In his discussion on “Qualifications of Inerrancy” in 40 Questions About Interpreting The Bible, Robert Plummer encourages pastry-making informed by appropriate sources:
7. Inerrancy does not mean that the Bible provides definitive or exhaustive information on every topic. No author in the Bible, for example, attempts a classification of mollusks or lessons in subatomic physics. The Bible tangentially touches on these subjects in asserting that God is the creator of all things, marine or subatomic, but one must not press the Scriptures to say more than they offer. If you want to learn how to bake French pastries, for example, there is no biblical text that I can suggest. I can, however, exhort you to do all things diligently for God’s glory (Col. 3:17) and not to engage in gluttony (Prov. 23:20). And I would be happy to sample any of the pastries you make.40 Questions About Interpreting The Bible, p. 43, Robert L. Plummer (italics his)

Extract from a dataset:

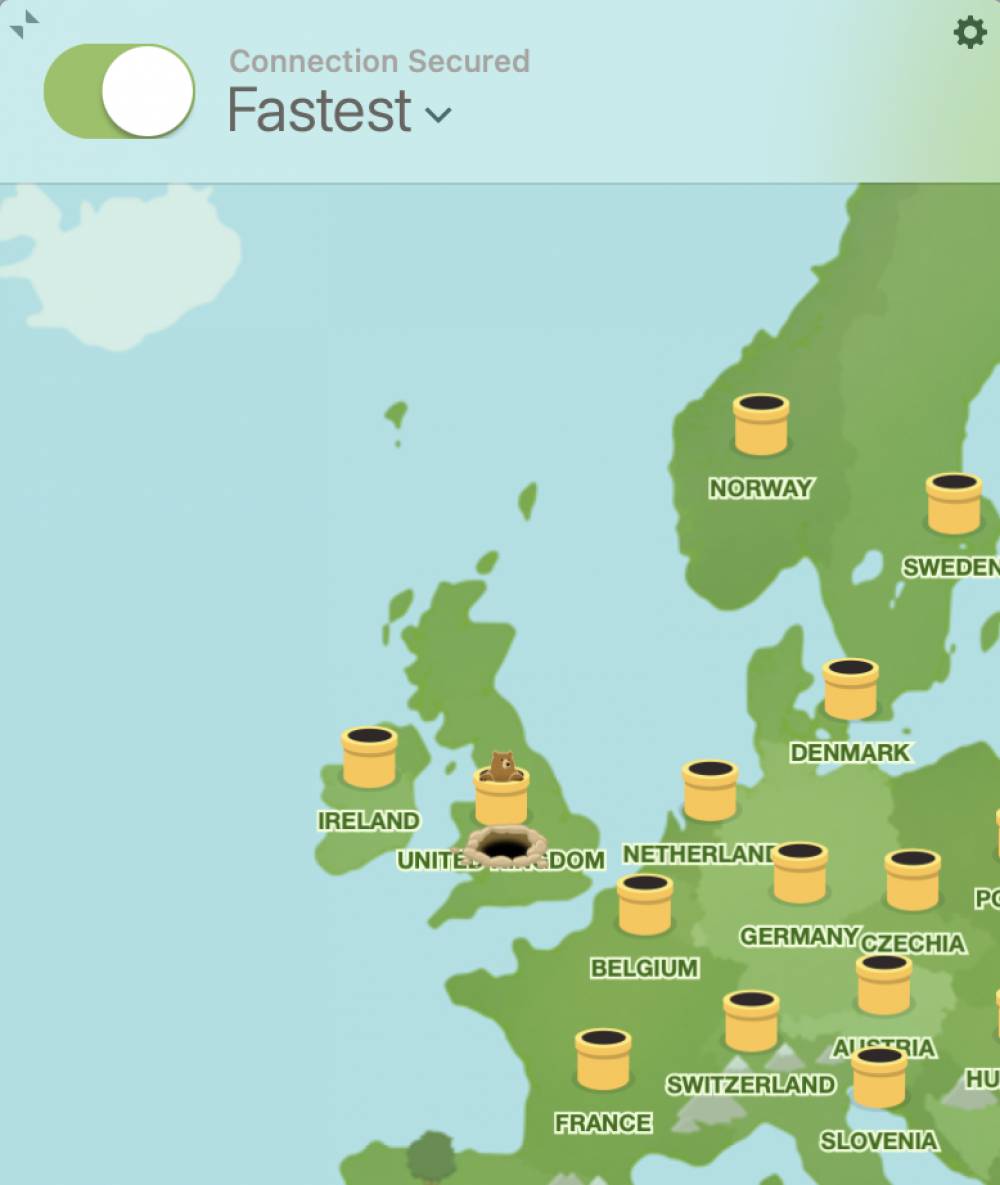 Tunnelbear for Mac Review 2022 — MacUpdate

All jesting aside, the book so far has been a very crisp read, and I am enjoying it quite a bit. This last question/chapter was on the presence (or lack thereof) of error in Scripture. It immediately put me in mind of Warfield’s The Inspiration and Authority of the Bible, which sits nearby. Alas, it will remain undisturbed on my desk for another occasion. I must be through question seven this coming week, as my Biblical Hermeneutics class begins in earnest.
From the same question (#4), the following “Reflection Question” is posed, which I offer as an exercise to you, the reader:
What is the most puzzling text in the Bible to you?
Now, onward to transmission accuracy.